But, as usual, there were the crazy modern telematic dance to squeaky violin crowd, the utterly pointless matrix of infrared LED’s, invisible to the human eye, which can only be seen through the viewfinder of a digital camera. (On the video you hear people discussing its pointlessness). And of course the usual array of ear-splitting electronic feedback with quivering, dull, dull, dull visuals and the blinky-blonk laptop music crew.
What a disappointment. This stuff just hasn’t moved on for a decade and even back then we used to find it tedious. All the decent work is happening in more commercial areas such as tour visuals and public installations. So, new media/electronic artists out there remember:
Plugging the feedback from a rubbish circuit board you cobbled together for the first time into an oscilloscope and dancing around in front of it may be art and you might love it, but its boring as hell. Try making something beautiful, it’s a lot harder.
I’m going to miss Ars Electronica, which I’m much more upset about given that I live so close, but I’ll be in Barcelona. So there’s some compensation.

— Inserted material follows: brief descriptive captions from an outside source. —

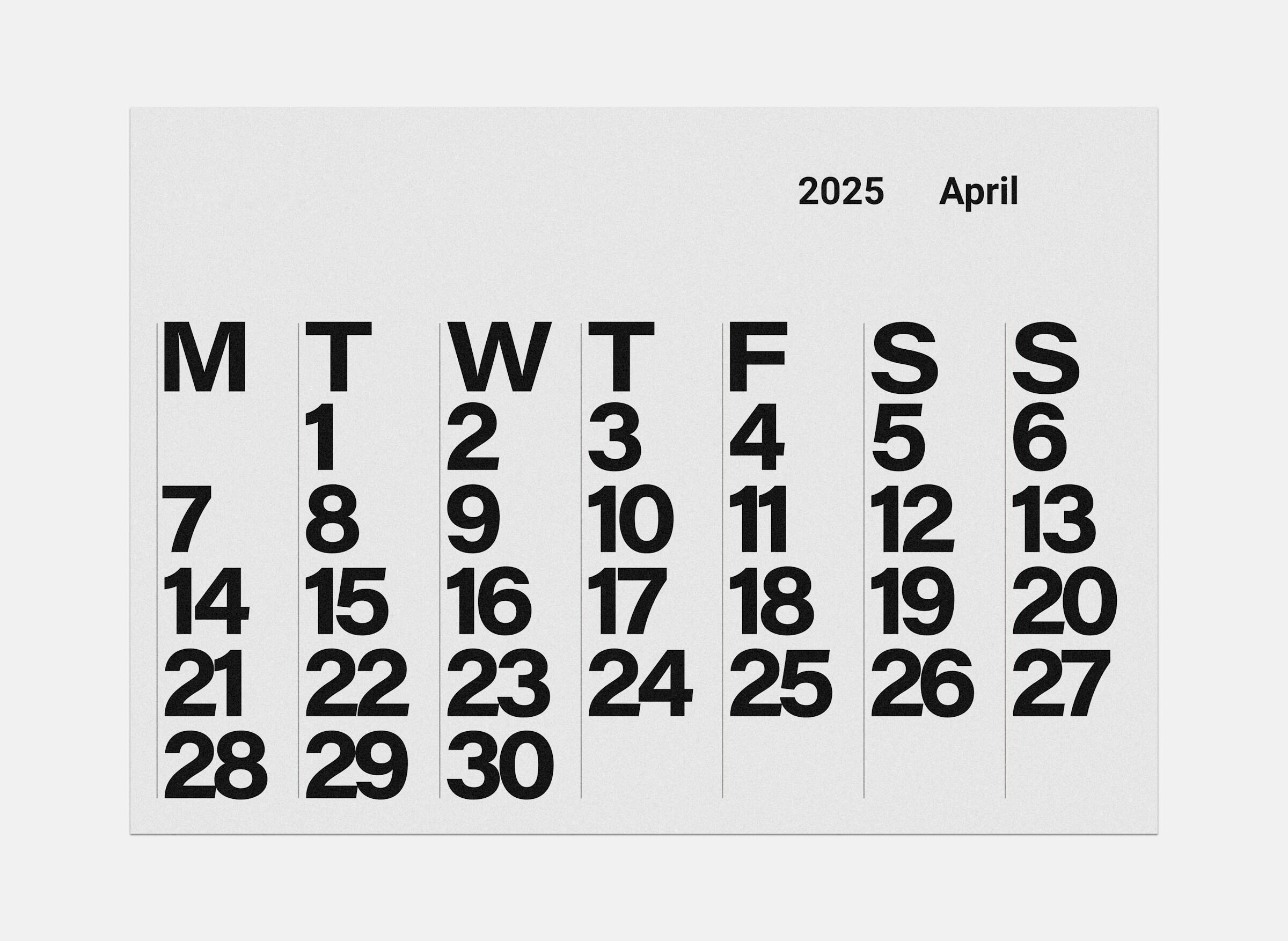 Un calendario minimalista para abril de 2025, con números negros para cada día y los días de la semana en mayúsculas.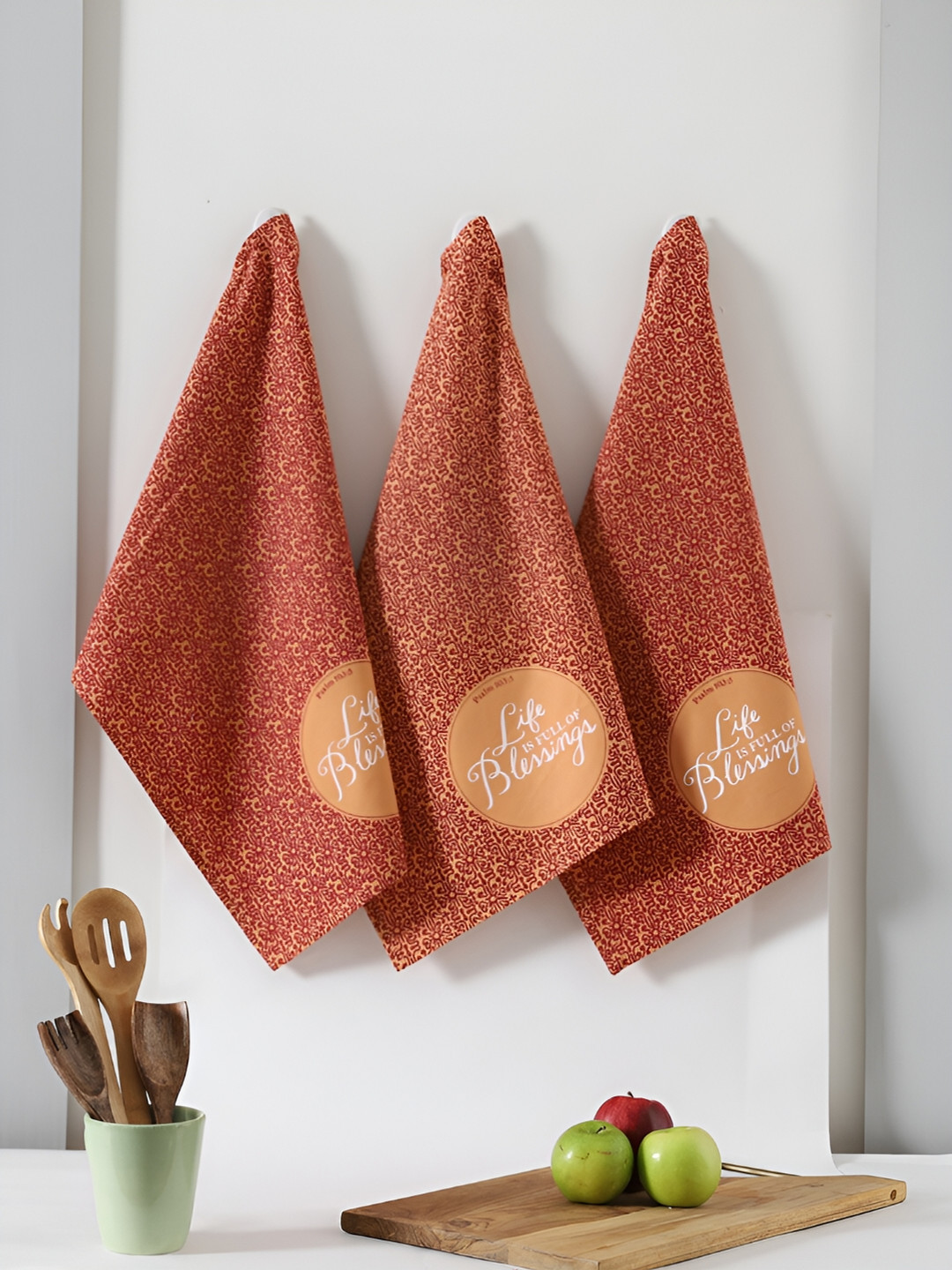 Ratan Cart Brown & Rust 3 Pieces Printed Cotton Kitchen Towels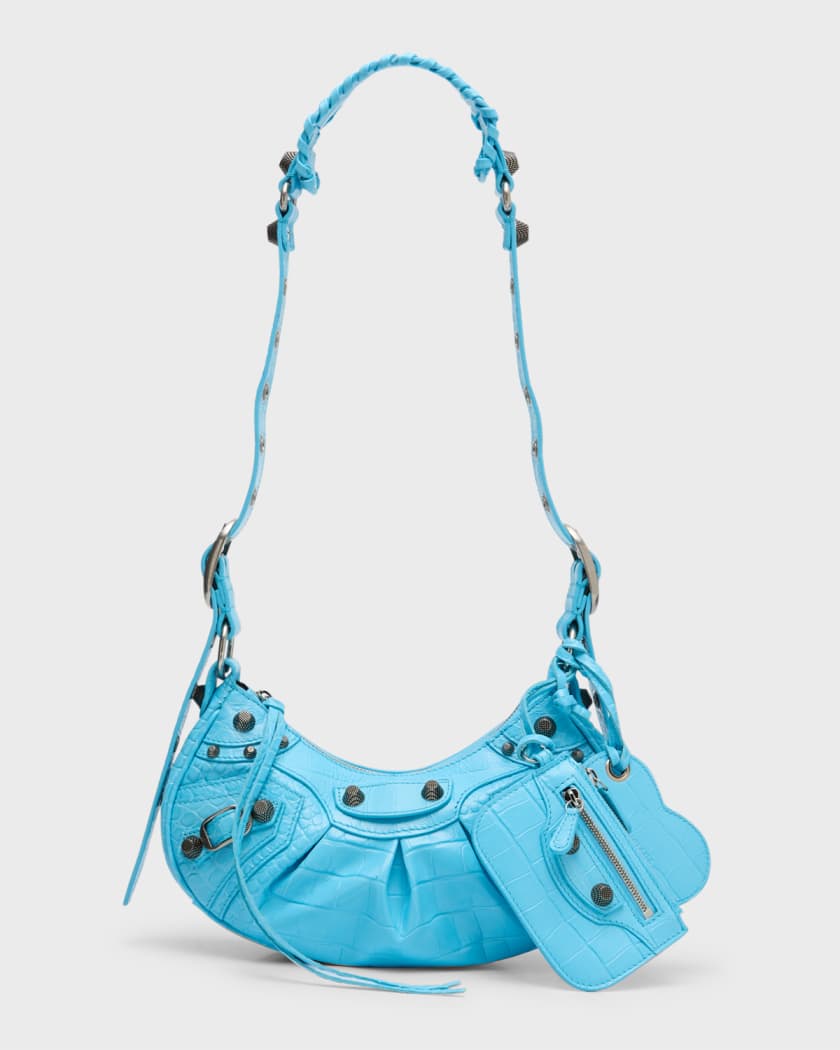 Balenciaga XS Cagole Croc-Embossed Zip Shoulder Bag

You don’t have to be stupid to be a Don here, but it helps.
I really enjoyed Francis Beckett’s article in the Education Guardian regarding Cambridge University’s entry requirements which lists 20 A-level subjects considered ‘soft’ options. Beckett argues, quite rightly in my opinion, that this is basically academic snobbery and has very little to do with the level of difficulty or rigour of the subjects in question:
If what Cambridge really means is that these 20 subjects are easier and less rigorous than others, it will take some proving. A young relative of mine wanted to study A-level music technology – which is one of Cambridge’s undesirable 20 – until he saw the course and realised it was too hard for him. He took the easier option of history and politics – both proper academic subjects, approved by Cambridge.

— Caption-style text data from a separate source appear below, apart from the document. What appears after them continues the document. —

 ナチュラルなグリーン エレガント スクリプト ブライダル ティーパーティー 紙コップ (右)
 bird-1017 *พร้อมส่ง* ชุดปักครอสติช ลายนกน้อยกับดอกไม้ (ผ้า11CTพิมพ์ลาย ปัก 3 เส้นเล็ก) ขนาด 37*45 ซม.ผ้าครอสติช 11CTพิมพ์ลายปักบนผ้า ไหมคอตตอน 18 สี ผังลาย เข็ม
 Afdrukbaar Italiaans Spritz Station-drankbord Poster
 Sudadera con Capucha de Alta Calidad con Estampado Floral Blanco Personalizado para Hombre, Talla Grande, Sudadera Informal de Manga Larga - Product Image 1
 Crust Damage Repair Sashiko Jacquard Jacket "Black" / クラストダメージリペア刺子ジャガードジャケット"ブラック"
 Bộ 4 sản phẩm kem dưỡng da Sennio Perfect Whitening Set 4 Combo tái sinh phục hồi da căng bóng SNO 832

Taking a look at the list it reads very much as a thermometer of current cultural trends. Cambridge might wish that the days of learning Greek and the ‘Hard’ Sciences are the only true education, but by failing to engage in the subjects that are central to contemporary culture they risk making themselves increasingly irrelevant (which I have written about at length previously).

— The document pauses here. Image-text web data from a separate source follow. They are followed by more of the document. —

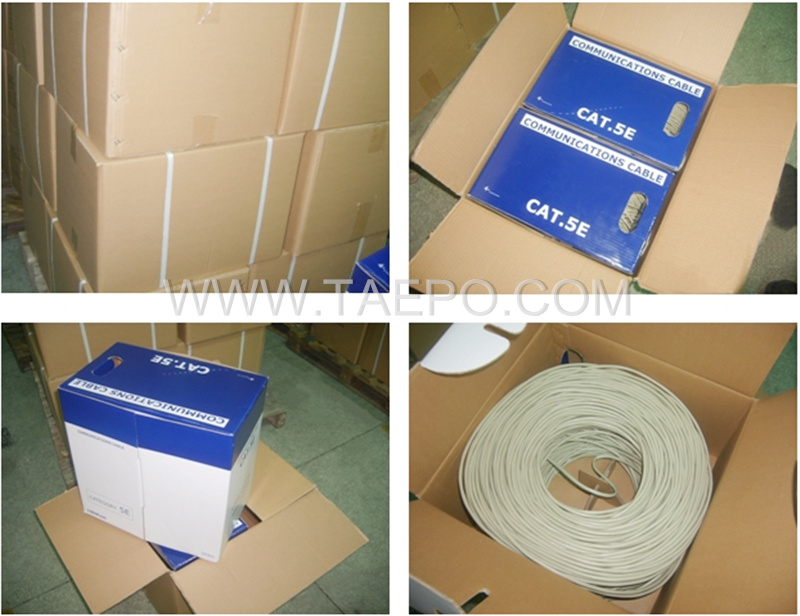 Images de l’emballage du câble LAN, CAT5E, UTP, 4 paires, cuivre nu, AWG24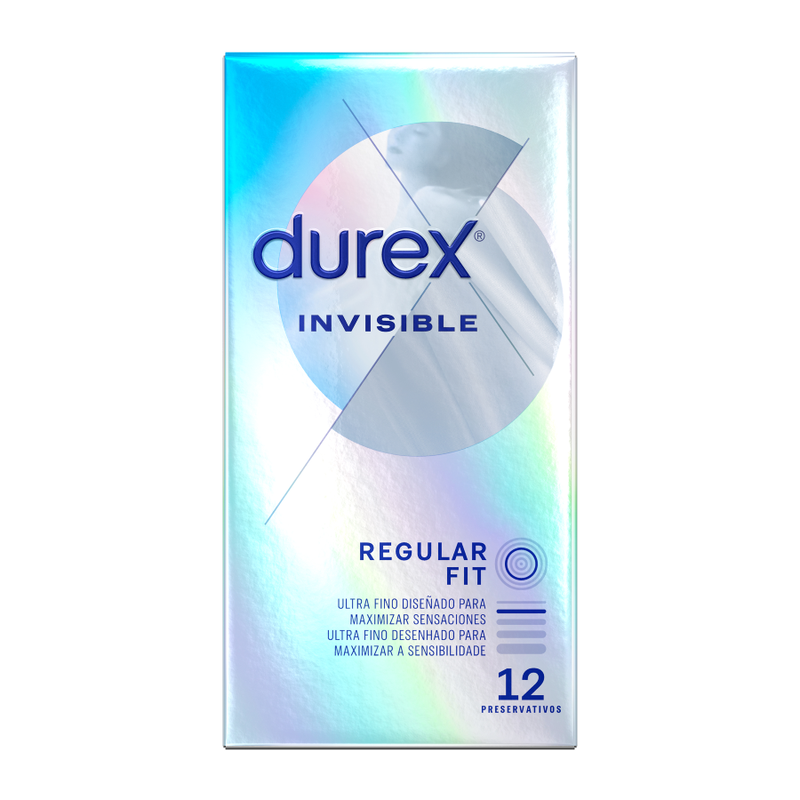 Condones extra finos Durex Invisible empaquetados en 12 unidades 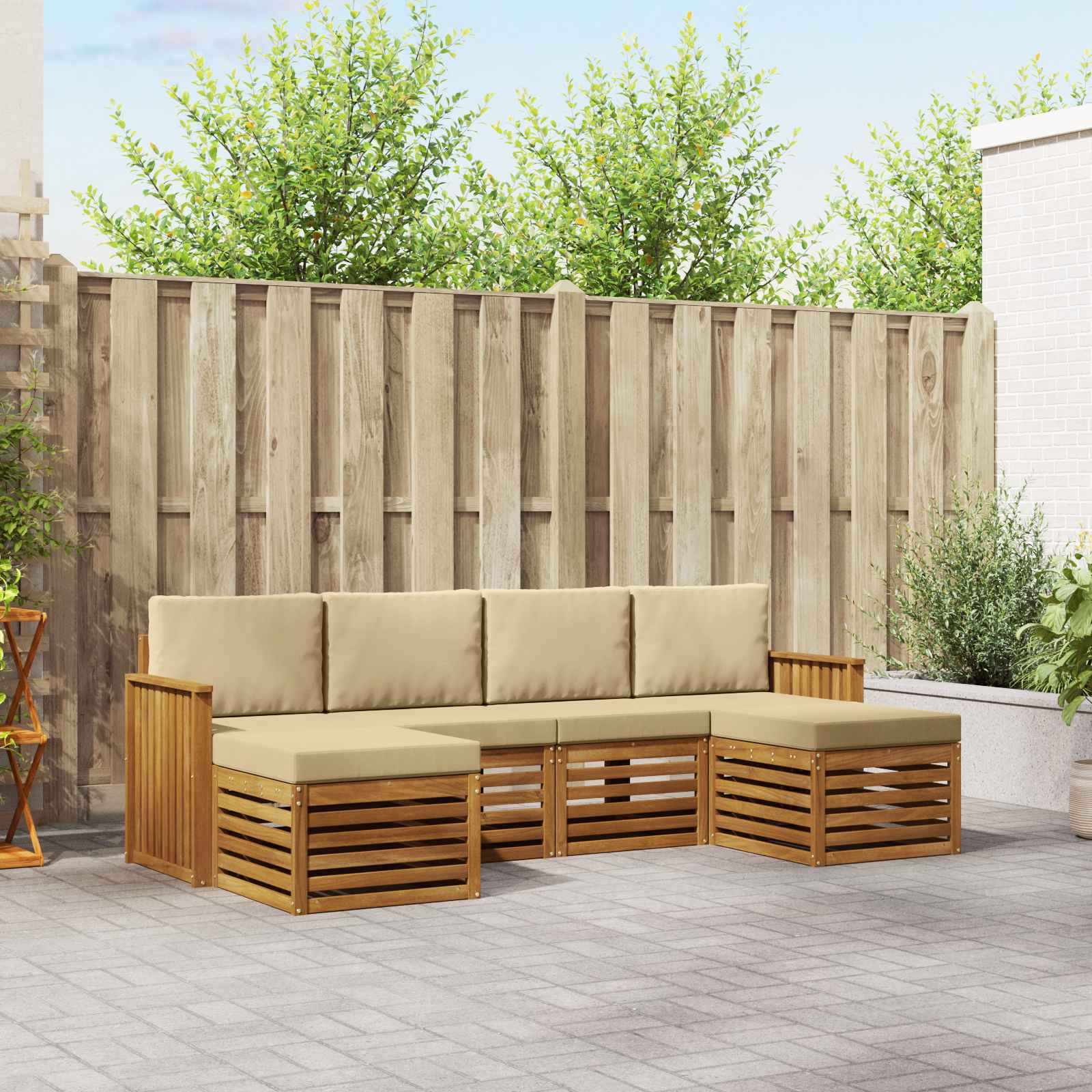 Sofa-Sets 6 pcs Natuurlijk en Beige Massief Acaciahout image 1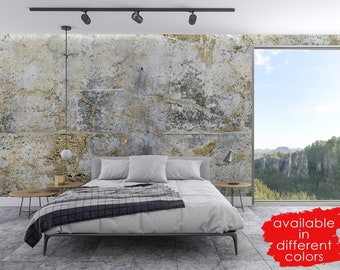 Cracked concrete wallpaper, peel and stick wall mural, removable wall design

Part of the problem I have with this is that it taps into and perpetuates the myth that the arts are ‘easy’. This is part of the talent myth, which essentially suggests that because one has a ‘gift’ then it’s not hard work. Yet anyone who truly knows about making anything creative knows that it takes a lot of hard work indeed. Hugh Macleod has probably most famously summed this up in his How To Be Creative essay/long blog post.
The thing that I find frustrating is that the same people who are arguing these are ‘soft options’ probably consume a large amount of the arts that those taking these subjects will produce. Not only that, they’ll be awfully snobbish about it being High Art too.
Is it ten years already? I really am getting old. I remember the days when Flash was a really awkward little ‘Director pretender’ animation package with a clunky scripting language. It’s really only been a year since that hasn’t been the case.
It’s categorised into years and looking through them you can see the ‘me too’ action going on. The first few years are overblown Skip Intro action of course, then we get the Barney’s sliding masks of 2000 (above – and no, it didn’t win that year’s accolade), then onto pixel-art action before heading into heavy animation and most recently overblown video. It’s worth a look even if only to see the excesses still ranking up there far too highly. The sad thing is that, lush as they are, not many of these have a decent idea behind them…
Anyhow, the final vote for the all-time, super-duper, most influential site is on the 30th August. Shouldn’t it be Macromedia Adobe?
Okay, so once again I’m so far behind the curve on this one I’ve wrapped around and am in front again (I reckon). Mark Caswell-Daniels’Goggles – a flight sim using Google Maps is up there on my list of “things I wish I had done” (which is getting rather long these days).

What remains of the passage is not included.